Artists Bridget Riley, Antony Gormley and Arts minister Estelle Morris will launch British Art Week on Tuesday.
The Bridget Riley exhibition will be free on Friday
The new annual event at Tate Britain will take a fresh look at the meaning of British visual culture.
The week of debate will culminate in a special late-night opening on Friday with free entry to the Bridget Riley exhibition.
There will also be previews of future exhibitions and live music.
Ben Luke, the spokesman for Tate Britain, said British Art Week was designed to get people thinking about what UK art means.
"British art doesn't really need a boost but we have a range of collections just opening and we thought it would be good to find a point every year to focus on the work the UK produces," he told BBC News Online.

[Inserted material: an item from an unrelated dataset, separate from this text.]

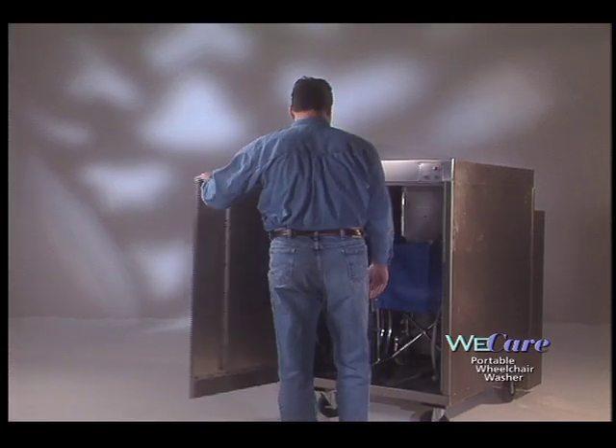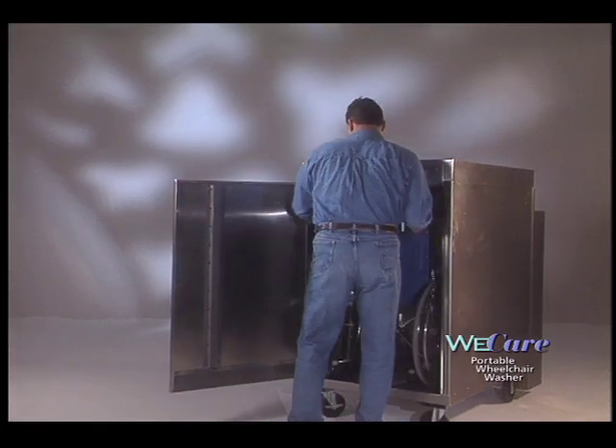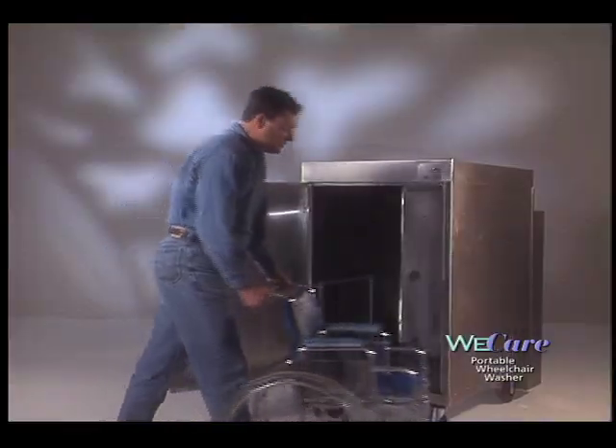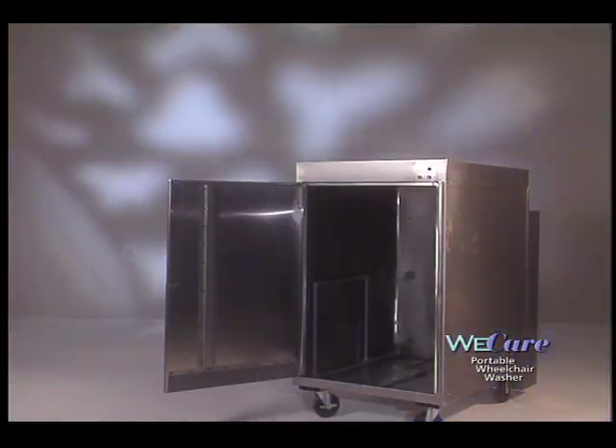The WeCare Portable Wheelchair Washer thoroughly cleans and disinfects, cuts labor time dramatically, and eliminates bacteria and odor. It is easy to use, and best of all, it saves you money.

The organisers are keen to make sure the whole of the country can get involved.
"While some of the key events are at Tate Britain in London, we have various exhibitions taking place at art galleries around the UK so that people from all regions can go along," said Mr Luke.
Riley's lecture about her influences and the development of her work takes place on Wednesday but is already sold out.
Andrew Graham-Dixon, an historian and Sunday Telegraph critic, will argue in his lecture on Thursday that British art has a unique and highly distinctive character and can justifiably be compared to some of the greatest works produced abroad.
Exhibitions outside London collaborating with British Art Week includes ceramics artist Richard Slee's work at The Potteries Museum and Art Gallery in Stoke-On-Trent.
Yorkshire's Sculpture Park is hosting an exhibition of work by artists such as Richard Deacon, Damien Hirst, Anish Kapoor and Rachel Whiteread.